Yes, we have heard newer, sweeter and sometimes recycled words of promises and anticipated comfort. We have heard sermons of the brighter days ahead and we have been once again, exhorted to be hopeful of elusive brighter days ahead, only that those that pen and read these beautiful sermons, as periodic rituals, do not have our patience to wait for their own sunny day. They would rather free load the goodies right now and stash away enough till to last them for several future generations. Yes, all these fifty years of our troubling independence, we have been conditioned to hear these sweet songs to our parched ears. In fact, our leaders are beginning to sound like broken records, just like the poor service they give us, because nothing gets to change with each promise of impending goodies. What we are hearing today and hooting and fretting all over are mere recycled bylines that have littered our still born hopes and unrealized expectations these past fifty years. It is only that we, as ordinary Nigerians, have conditioned our minds and estates to be overly optimistic on nothing, to go round and round in a self-duplicitous cyclical chain that permits our marauding leaders to exploit us while we invent newer means of accepting our fates.
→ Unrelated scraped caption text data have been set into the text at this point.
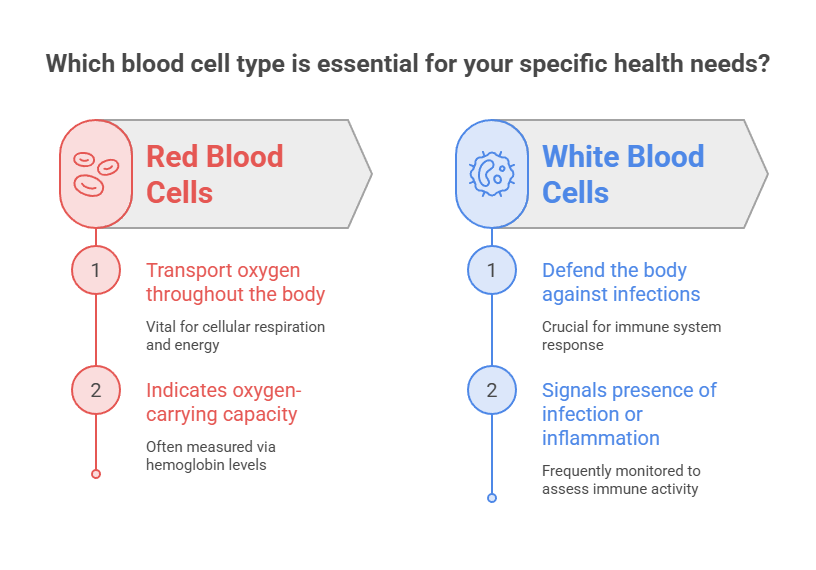Infographic comparing red and white blood cells, detailing their functions and importance for health.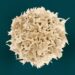 Which White Blood Cell Engulfs And Digests Pathogens And Dead Cells?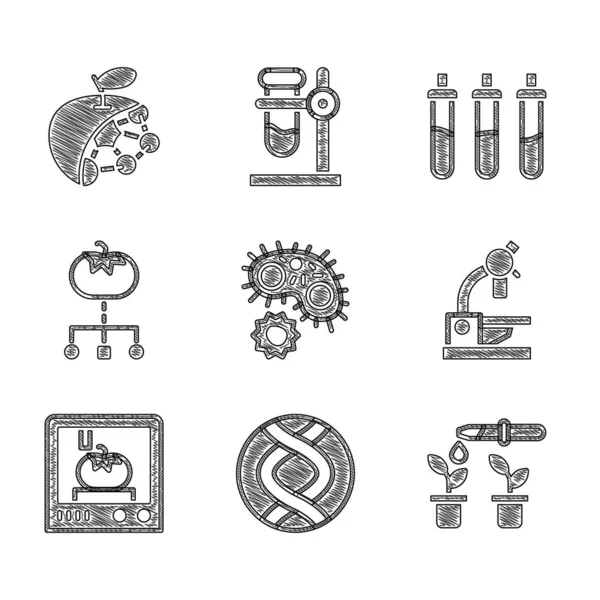 Set Virus, símbolo de ADN, pipeta y planta, microscopio, tecnología de impresión 3D, alimentos modificados genéticamente, botella de reactivo e icono de estructura biológica. Vector — Archivo Imágenes Vectoriales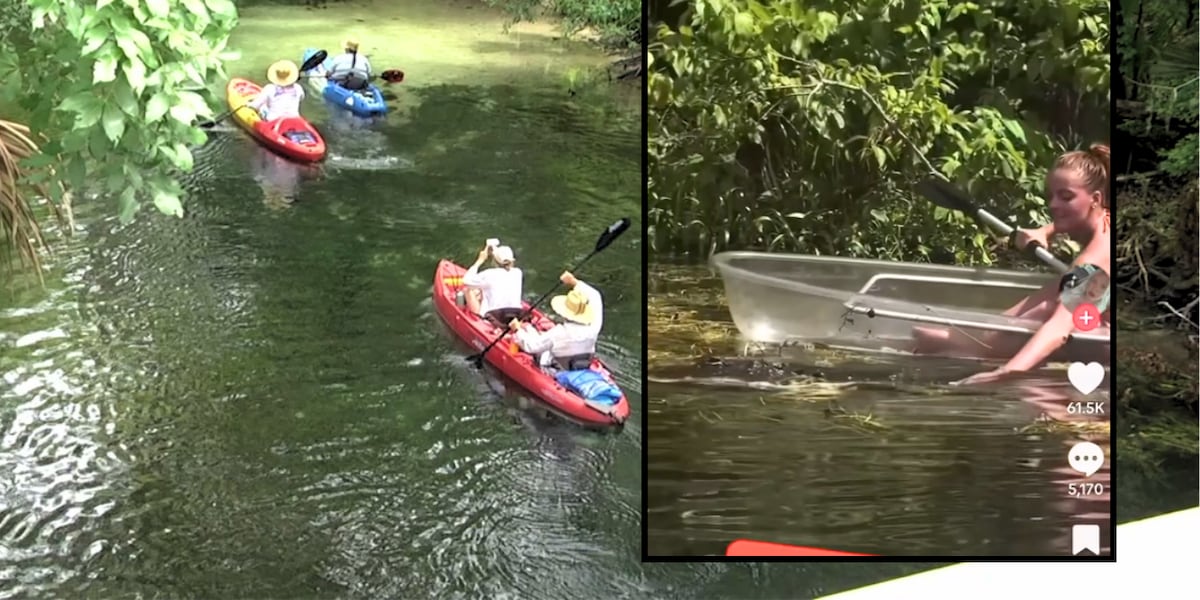 Viral alligator video draws visitors to Silver Springs, raises wildlife concerns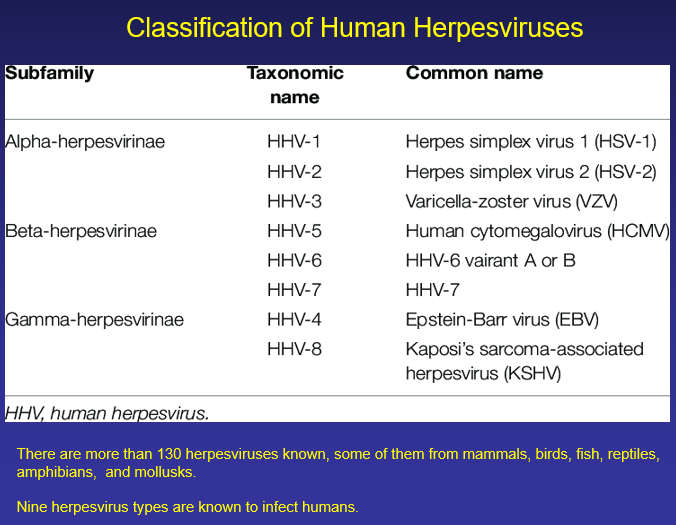 \-alpha: herpes simplex virus 1 and 2 (HSV-1 and HSV-2), and varicella-zoster virus (VZV)

\-beta

\-gamma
As Nigerians, we have not strained to find out why our so called leaders never change, why they keep repeating the same old and worn out mistakes of taking the people for a ride, just the morning after similar high falutin promises as we heard on May 29. Simply, put, why are Nigerian leaders condemned to exploiting us at every bend and doing it so well that we do nothing about it but clap and provide ring side approval for their bestial acts? Why is it that it is only when a leader gets out of stage that his nuisance values came to be noticed and in most cases, he becomes a fugitive from the law? Why can’t we pin down our leaders and hold them accountable to such mouth watering promises that they repeatedly make every time they access opportunity to take absolute control of our coffers and affairs? Is it that Nigerians are afflicted with so short an attention span that we forget easily or that we are easily seduced by just a mere recitation of promises that have rather been implemented in breach? Is it that Nigerians are easily pliable, simple minded or plainly powerless to hold down their leaders and pin them to the promises they eagerly mouth when they come to the saddle and easily jettison as soon as they sit pretty? Is it that our leaders have known our weaknesses, our terrible afflictions and are exploiting these shortfalls to full advantage?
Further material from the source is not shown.